How Safe Are You At Home? Part 2
November 6, 2012
Originally published May 18th
Now we come to the 2nd part of keeping yourself safe at home. Last time, we talked about doors, locks, and the like. This time, I’ll discuss the other way that criminals can enter your home. Windows.
A lot of the same things that we talked about with doors is equally true with windows. Although, windows serve a different purpose than a door does and I like windows. They are wonderful to sit by and watch the snow all, a thunderstorm, or the birds playing in the bird bath.
But while, they are not a primary way to enter and exit your home, they do make it vulnerable to a criminal. Therefore, you have to take precautions with them to ensure that they aren’t an inviting target to one of those ner’do’wells.
As with the doors, you have to check the window panes themselves. Do you have any of them that are cracked or don’t fit properly in the frame? These are things that you need to focus on, to start with, no matter your income level. You can usually go to one of the social service agencies i.e. Salvation Army or the state to get assistance in fixing them.
As windows get older, with all of us, they begin to sag and pull apart. You may have gaps in the individual frames and the panes of glass in the window. These can be fixed cheaply enough by some caulking or replacing the window, which is preferable of course.
If your window panes/frames are shrinking it’s because of several conditions with where you live. In northern climes, you get cooling and then heating of the glass, even in winter time. Over time, this heating and cooling – sometimes rapidly – can cause the shrinking. If you live in the desert, then the extreme heat of Arizona in summer can do it also, although it doesn’t cool that much at night.
If you simply tape or caulk the gaps, then you may be helping your electric bill, but you’re not providing a deterrent to a criminal. Typically, the older the window, the thinner the pane of glass, and a thin pane doesn’t make that much noise when breaking. And you have gaps and secure them with tape then they have an easier way to get in without breaking the glass. And even if you caulk it, then it is a simple matter to place a knife in the caulk and begin cutting/pushing it out.
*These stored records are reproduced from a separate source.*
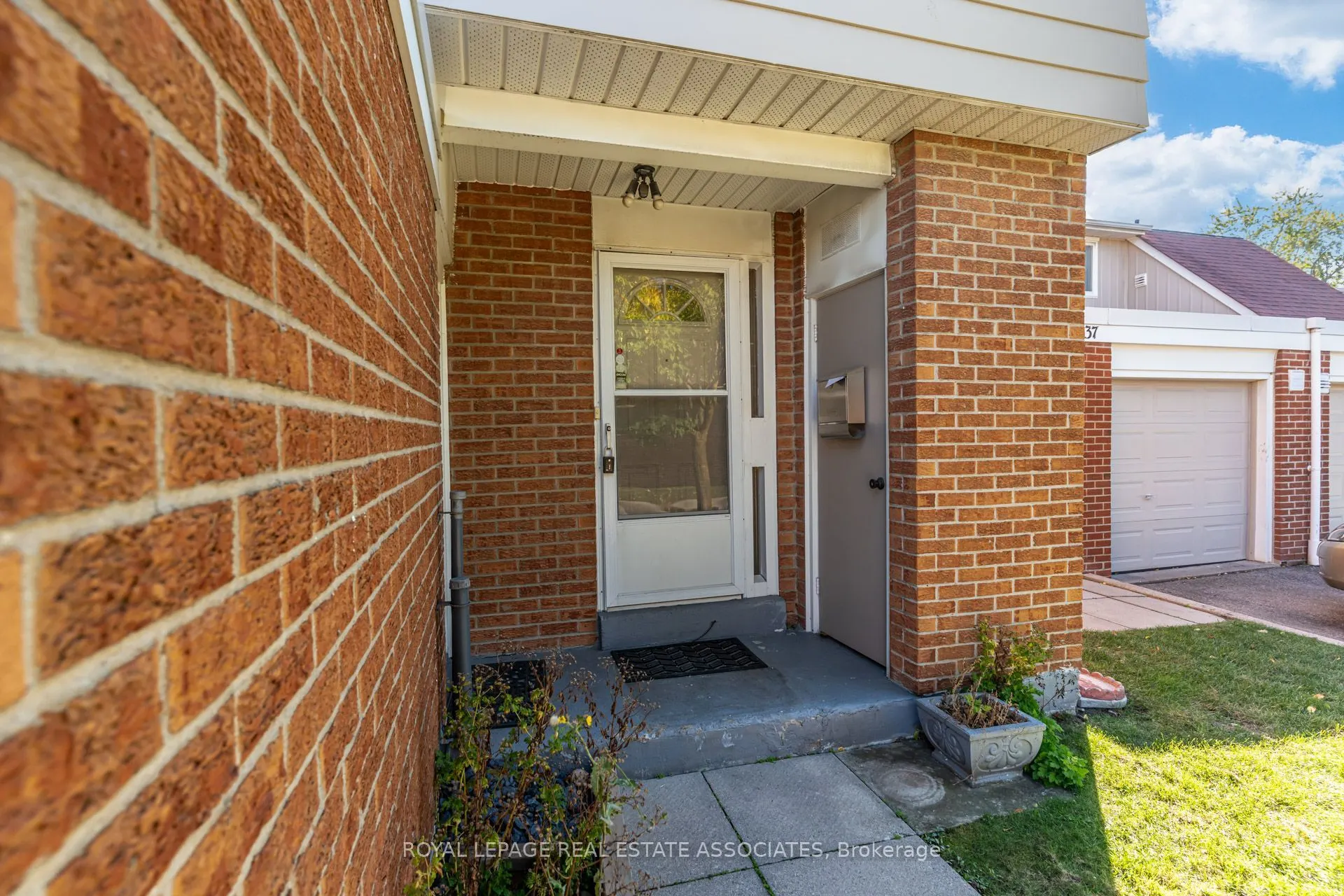 215 Mississauga Valley Boulevard #38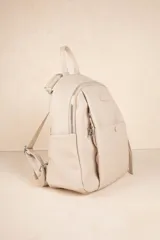 Mochila negra de cuero sintético con diseño minimalista, formato compacto y estructura blanda. Incluye bolsillo delantero con broche y cierre metálico superior con tiradores largos.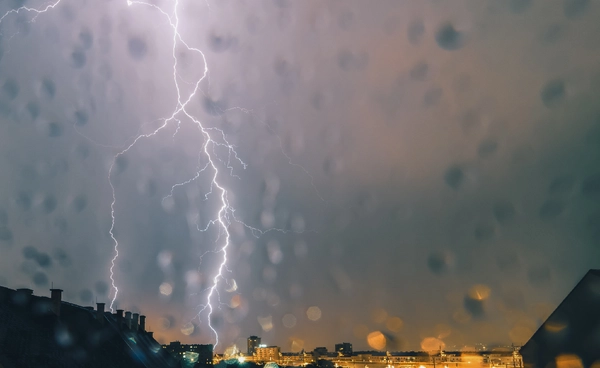 “ลานีญา” เร่งเครื่องปลายปี เตรียมรับฝนหนักก.ย.-ต.ค.68 ก่อนเจอ “เอลนีโญ” ปีหน้า!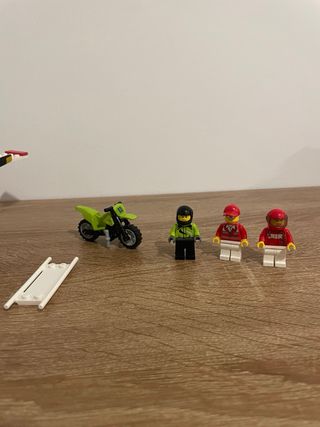 Lego CITY 60116 Avión Ambulancia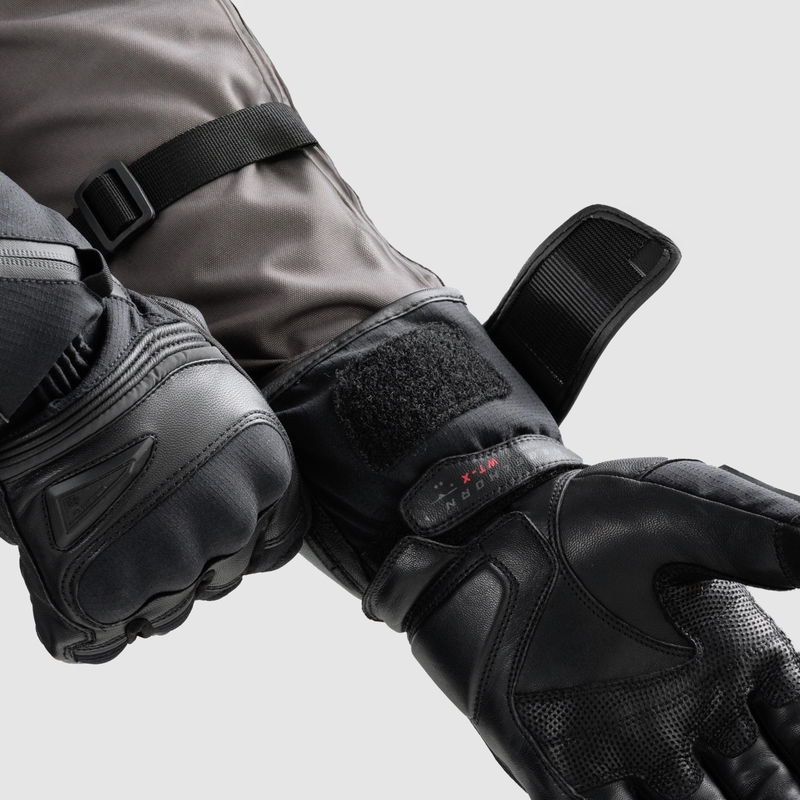 "Rebelhorn Summit" žieminės juodos motociklininko pirštinės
Look at the overall window frame as well. Is it cracked and the window itself not fitting properly any longer? Again, in many older homes this can create a problem, mainly in your electric bill but in security as well. Just as in the case of your doors, if the frame is cracked, worn, or fitting loosely, then it won’t be much of an issue to get into your home to do whatever it is they want to do.
While the modern trend is to have windows that are sealed shut or sliding windows, I don’t like them like that. Yes, they can save your electric bill, in the case of the windows that are sealed. And sliding windows are good for those that are weaker and younger children to open to listen to the birds or grab a hand full of snow as it falls silently.
But if you are older and have sealed windows, then how do you get out of the house if there is a fire or other emergency? You may be too weak to pick up a chair and throw it through the window to break it so you can get out. And with a sliding one, how can you place a fan in the window to get air flow if the window allows a 3 or 4 foot opening above the fan?
I prefer to have double hung windows on a sash as in many older homes. Or the modern equivalent of a window that raises vertically and pulls out to be cleaned by tilting.
Can you effectively secure the window with locks even if it is open? Of course you can, it just takes a bit of research to figure out the best way to do it. The easiest way to do it is with an old fashioned twist lock, like on those older windows you’re replacing. As long as you can’t put a knife blade through the 2 parts of the window to ‘jimmy’ it, you’ll be okay.
If you go to your hardware store (see I’m an old fashioned guy – hardware store?) they can show you a multitude of locks for your windows. From the type that utilize a side locking mechanism to a myriad of others. Just don’t take the cheapest one you can find.
And never forget the broom stick or dowel rod to place above the window to prevent it from being as raised as far as you want it. Cut it to size and it makes a great lock for any window – even a sliding window. If you buy a dowel rod, ensure that it is thick enough to prevent someone from
pressuring it to snap when they raise the window.